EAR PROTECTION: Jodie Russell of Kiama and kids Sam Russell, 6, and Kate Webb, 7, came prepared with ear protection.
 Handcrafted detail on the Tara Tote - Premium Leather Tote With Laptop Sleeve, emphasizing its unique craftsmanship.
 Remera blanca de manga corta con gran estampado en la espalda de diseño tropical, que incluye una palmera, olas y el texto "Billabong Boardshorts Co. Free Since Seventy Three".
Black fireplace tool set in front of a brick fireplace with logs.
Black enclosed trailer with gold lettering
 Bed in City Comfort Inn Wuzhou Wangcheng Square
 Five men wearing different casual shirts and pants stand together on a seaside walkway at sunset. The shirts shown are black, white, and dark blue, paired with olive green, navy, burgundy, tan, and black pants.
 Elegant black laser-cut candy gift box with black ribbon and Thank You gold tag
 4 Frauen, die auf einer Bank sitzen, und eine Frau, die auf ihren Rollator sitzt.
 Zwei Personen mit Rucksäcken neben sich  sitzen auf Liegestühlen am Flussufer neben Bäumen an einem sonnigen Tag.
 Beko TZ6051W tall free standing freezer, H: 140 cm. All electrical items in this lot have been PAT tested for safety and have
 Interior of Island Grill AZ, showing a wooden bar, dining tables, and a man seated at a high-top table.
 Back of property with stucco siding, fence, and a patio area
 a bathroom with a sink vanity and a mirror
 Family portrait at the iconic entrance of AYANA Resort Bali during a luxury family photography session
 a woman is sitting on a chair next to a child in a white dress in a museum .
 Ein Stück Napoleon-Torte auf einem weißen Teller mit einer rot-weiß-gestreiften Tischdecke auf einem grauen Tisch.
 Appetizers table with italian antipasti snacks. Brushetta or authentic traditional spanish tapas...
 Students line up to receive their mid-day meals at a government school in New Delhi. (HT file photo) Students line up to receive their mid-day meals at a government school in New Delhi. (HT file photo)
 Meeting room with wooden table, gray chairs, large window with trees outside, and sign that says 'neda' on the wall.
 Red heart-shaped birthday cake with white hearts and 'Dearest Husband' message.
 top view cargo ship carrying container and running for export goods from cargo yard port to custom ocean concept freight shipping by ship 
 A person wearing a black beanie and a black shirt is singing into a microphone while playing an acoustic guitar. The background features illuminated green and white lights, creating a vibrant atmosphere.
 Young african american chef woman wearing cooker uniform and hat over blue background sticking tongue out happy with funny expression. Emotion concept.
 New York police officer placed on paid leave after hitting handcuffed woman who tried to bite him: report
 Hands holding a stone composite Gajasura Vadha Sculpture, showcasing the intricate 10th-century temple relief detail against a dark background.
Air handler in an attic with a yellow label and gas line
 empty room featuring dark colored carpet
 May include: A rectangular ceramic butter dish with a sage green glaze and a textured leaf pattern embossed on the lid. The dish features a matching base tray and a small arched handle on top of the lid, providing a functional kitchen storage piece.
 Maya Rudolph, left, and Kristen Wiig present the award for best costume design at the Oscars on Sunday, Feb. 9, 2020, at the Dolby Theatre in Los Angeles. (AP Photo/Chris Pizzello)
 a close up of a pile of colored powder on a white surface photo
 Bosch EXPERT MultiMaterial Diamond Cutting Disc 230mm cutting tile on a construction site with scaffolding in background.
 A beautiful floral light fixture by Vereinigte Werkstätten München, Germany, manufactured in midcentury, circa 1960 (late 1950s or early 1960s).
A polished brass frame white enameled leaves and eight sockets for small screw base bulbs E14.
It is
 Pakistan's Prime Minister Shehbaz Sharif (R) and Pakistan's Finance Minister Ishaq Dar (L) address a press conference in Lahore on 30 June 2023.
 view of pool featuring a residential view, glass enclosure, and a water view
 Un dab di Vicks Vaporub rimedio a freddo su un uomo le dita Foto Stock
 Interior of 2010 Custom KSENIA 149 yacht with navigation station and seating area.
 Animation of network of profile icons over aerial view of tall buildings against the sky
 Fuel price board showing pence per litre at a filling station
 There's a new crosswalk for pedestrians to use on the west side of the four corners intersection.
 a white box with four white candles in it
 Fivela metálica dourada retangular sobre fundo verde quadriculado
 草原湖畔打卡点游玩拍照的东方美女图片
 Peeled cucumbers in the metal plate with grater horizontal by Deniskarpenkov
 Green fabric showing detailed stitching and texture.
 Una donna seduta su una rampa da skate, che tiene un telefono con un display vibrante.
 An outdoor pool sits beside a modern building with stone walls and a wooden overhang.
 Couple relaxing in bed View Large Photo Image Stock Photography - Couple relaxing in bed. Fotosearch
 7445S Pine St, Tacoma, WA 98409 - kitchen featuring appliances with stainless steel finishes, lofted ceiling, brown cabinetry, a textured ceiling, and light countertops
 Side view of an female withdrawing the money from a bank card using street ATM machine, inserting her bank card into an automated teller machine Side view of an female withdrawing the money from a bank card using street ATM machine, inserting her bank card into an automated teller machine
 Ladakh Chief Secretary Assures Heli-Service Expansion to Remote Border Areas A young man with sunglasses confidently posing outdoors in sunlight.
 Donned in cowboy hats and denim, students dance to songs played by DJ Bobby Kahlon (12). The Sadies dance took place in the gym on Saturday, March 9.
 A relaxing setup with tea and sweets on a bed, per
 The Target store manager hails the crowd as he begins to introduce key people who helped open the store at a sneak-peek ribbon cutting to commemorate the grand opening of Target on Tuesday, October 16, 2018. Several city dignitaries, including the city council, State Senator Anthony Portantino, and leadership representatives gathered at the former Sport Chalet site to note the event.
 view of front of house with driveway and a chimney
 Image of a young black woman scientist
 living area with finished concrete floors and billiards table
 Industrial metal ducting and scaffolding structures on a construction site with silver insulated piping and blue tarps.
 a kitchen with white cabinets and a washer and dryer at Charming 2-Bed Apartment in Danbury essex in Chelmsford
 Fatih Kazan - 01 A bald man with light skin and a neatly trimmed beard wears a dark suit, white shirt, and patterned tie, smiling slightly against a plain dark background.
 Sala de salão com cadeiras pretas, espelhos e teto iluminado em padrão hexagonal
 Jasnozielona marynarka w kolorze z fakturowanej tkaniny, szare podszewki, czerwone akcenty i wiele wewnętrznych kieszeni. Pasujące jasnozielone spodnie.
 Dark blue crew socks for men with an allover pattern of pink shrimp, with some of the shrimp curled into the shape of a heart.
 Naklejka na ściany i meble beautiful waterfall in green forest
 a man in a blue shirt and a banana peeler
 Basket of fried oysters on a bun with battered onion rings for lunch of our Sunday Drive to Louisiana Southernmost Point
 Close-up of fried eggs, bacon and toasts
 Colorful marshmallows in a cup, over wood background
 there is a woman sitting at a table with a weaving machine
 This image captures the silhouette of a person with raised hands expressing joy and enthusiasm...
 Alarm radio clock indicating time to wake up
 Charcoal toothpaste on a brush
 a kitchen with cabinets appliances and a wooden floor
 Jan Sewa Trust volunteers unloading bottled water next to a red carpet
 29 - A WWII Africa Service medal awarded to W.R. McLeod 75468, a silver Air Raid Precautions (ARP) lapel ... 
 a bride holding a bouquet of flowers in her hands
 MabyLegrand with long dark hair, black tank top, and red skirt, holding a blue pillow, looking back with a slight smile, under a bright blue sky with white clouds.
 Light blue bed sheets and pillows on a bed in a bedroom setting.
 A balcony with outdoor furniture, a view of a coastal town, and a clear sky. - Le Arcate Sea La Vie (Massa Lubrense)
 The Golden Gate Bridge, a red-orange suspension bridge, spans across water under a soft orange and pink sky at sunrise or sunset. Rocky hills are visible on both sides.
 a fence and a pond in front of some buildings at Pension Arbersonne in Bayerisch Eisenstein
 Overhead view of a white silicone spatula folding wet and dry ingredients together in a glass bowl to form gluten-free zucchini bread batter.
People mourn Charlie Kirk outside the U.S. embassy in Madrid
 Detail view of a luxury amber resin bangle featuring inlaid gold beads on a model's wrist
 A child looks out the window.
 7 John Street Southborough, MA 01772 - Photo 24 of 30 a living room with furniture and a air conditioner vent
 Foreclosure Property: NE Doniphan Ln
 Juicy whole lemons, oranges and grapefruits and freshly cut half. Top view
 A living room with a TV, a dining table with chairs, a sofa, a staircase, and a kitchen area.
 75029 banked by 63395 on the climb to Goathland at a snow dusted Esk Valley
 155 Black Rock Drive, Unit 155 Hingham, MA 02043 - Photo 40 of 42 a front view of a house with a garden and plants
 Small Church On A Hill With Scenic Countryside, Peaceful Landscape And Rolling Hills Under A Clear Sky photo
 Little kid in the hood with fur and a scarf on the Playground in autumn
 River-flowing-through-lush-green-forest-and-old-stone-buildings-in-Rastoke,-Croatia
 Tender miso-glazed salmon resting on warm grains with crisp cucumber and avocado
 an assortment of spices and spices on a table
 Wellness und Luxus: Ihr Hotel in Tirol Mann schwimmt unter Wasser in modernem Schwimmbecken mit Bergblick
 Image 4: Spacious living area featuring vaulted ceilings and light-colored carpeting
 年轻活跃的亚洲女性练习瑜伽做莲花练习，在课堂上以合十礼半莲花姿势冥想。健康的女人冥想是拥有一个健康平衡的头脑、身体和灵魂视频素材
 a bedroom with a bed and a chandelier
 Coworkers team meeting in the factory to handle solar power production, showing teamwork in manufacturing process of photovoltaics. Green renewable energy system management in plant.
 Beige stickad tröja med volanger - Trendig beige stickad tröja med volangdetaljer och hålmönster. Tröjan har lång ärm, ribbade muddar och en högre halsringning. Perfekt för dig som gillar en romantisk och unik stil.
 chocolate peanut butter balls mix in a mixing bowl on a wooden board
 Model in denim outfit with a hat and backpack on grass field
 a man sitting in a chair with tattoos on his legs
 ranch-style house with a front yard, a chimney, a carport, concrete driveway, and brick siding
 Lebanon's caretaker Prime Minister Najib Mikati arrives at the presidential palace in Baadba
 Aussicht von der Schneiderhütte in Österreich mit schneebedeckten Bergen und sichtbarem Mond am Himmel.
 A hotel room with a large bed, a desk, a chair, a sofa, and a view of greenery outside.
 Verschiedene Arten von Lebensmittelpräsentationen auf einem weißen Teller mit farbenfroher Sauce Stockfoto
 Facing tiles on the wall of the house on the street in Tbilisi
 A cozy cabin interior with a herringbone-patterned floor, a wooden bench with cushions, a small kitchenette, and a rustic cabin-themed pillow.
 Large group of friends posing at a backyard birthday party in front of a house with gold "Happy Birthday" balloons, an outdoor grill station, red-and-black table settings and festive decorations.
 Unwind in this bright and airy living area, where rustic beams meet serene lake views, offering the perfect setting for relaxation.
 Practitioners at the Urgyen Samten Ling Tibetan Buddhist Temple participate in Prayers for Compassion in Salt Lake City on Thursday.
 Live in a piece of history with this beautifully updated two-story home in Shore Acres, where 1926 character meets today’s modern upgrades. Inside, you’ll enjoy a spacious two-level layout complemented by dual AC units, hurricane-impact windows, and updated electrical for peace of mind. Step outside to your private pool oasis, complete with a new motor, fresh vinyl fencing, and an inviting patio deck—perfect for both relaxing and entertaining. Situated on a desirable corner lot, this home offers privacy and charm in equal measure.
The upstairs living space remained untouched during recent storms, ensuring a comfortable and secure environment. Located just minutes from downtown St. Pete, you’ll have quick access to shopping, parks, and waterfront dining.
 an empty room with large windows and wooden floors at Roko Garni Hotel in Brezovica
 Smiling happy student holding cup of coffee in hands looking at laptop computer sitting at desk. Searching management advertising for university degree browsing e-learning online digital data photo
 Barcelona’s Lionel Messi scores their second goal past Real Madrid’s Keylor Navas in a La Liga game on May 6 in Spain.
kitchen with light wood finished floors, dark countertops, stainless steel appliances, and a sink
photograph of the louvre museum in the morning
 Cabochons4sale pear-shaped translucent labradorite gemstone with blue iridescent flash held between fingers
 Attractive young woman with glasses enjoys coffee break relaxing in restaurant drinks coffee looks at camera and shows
----
* _TASK REQUIREMENTS_
Look above for the line that contains "This image captures". Starting there, transcribe every line exactly until you have copied the line that contains "a fence and".

* _YOUR SOLUTION_
 This image captures the silhouette of a person with raised hands expressing joy and enthusiasm...
 Alarm radio clock indicating time to wake up
 Charcoal toothpaste on a brush
 a kitchen with cabinets appliances and a wooden floor
 Jan Sewa Trust volunteers unloading bottled water next to a red carpet
 29 - A WWII Africa Service medal awarded to W.R. McLeod 75468, a silver Air Raid Precautions (ARP) lapel ... 
 a bride holding a bouquet of flowers in her hands
 MabyLegrand with long dark hair, black tank top, and red skirt, holding a blue pillow, looking back with a slight smile, under a bright blue sky with white clouds.
 Light blue bed sheets and pillows on a bed in a bedroom setting.
 A balcony with outdoor furniture, a view of a coastal town, and a clear sky. - Le Arcate Sea La Vie (Massa Lubrense)
 The Golden Gate Bridge, a red-orange suspension bridge, spans across water under a soft orange and pink sky at sunrise or sunset. Rocky hills are visible on both sides.
 a fence and a pond in front of some buildings at Pension Arbersonne in Bayerisch Eisenstein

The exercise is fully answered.